[[ Given data open ]]

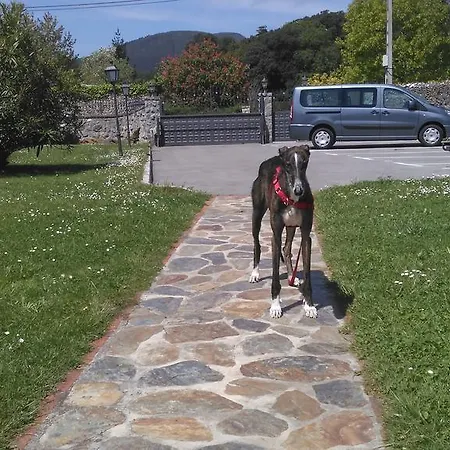 La Casona Del Carmen Appartamento Noja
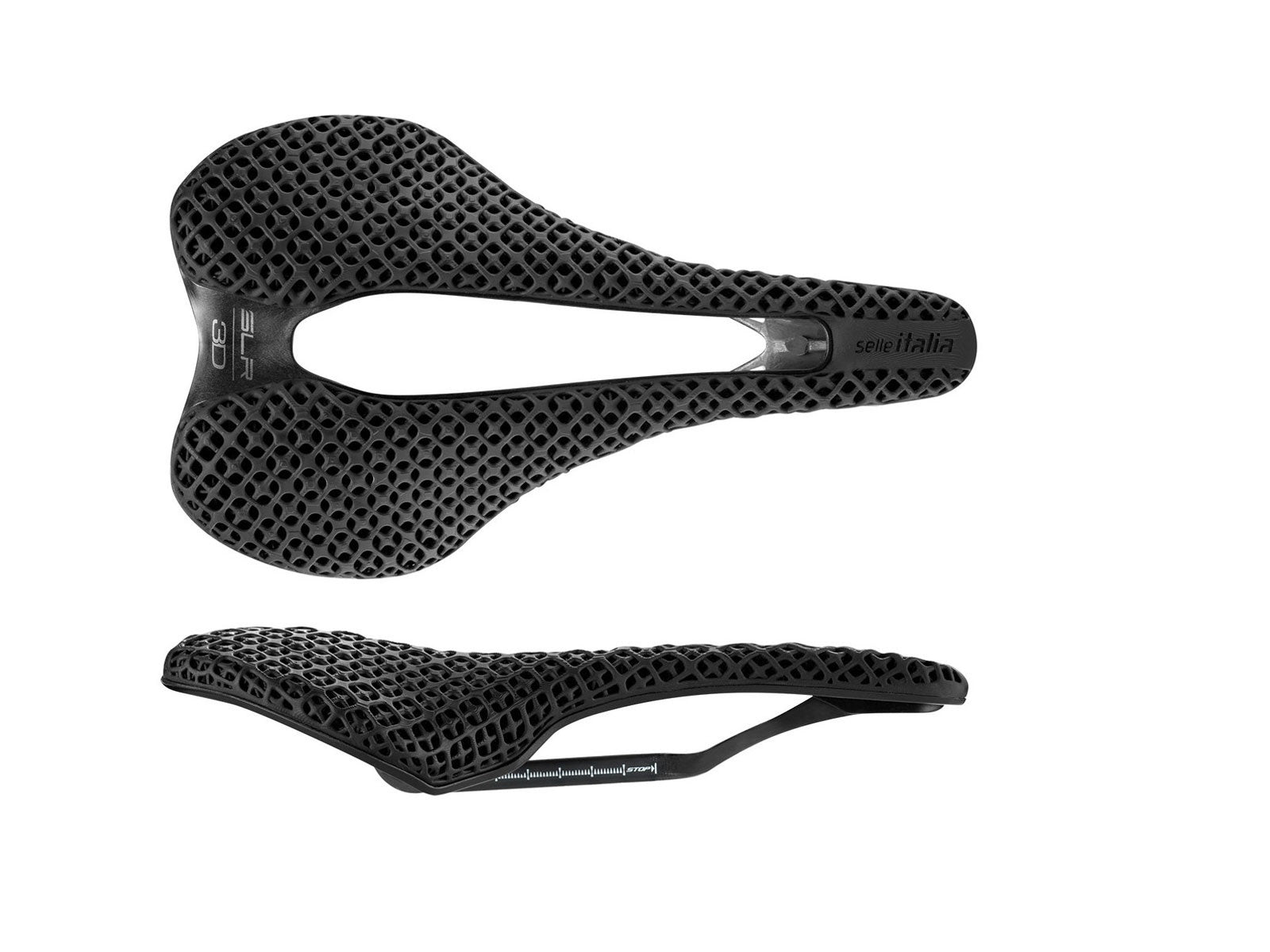 Selle Italia Saddle SLR Boost 3D Kit Carbonio SuperFlow L3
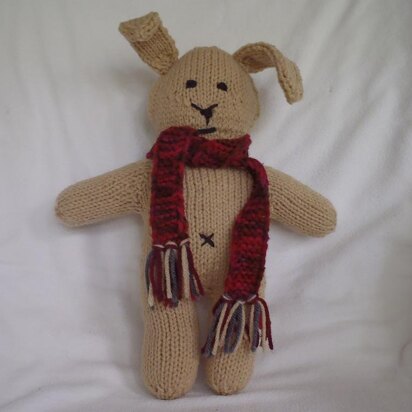 Ginger - knitting pattern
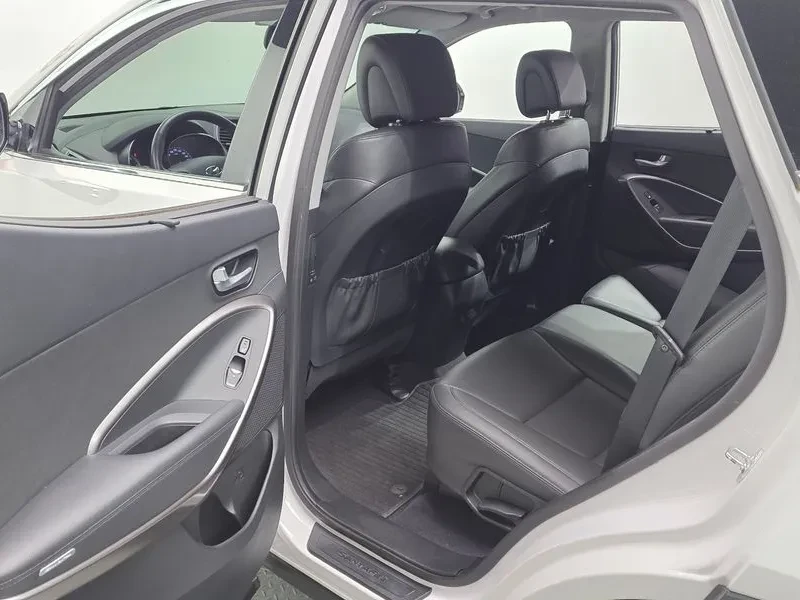 Hyundai Santa fe, снимка 11 - Автомобили и джипове - 56359033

[[ Given data closed ]]

Exercise:
Print every line of the material exactly as written, but drop the pictures.

Answer space:
 La Casona Del Carmen Appartamento Noja
 Selle Italia Saddle SLR Boost 3D Kit Carbonio SuperFlow L3
 Ginger - knitting pattern
 Hyundai Santa fe, снимка 11 - Автомобили и джипове - 56359033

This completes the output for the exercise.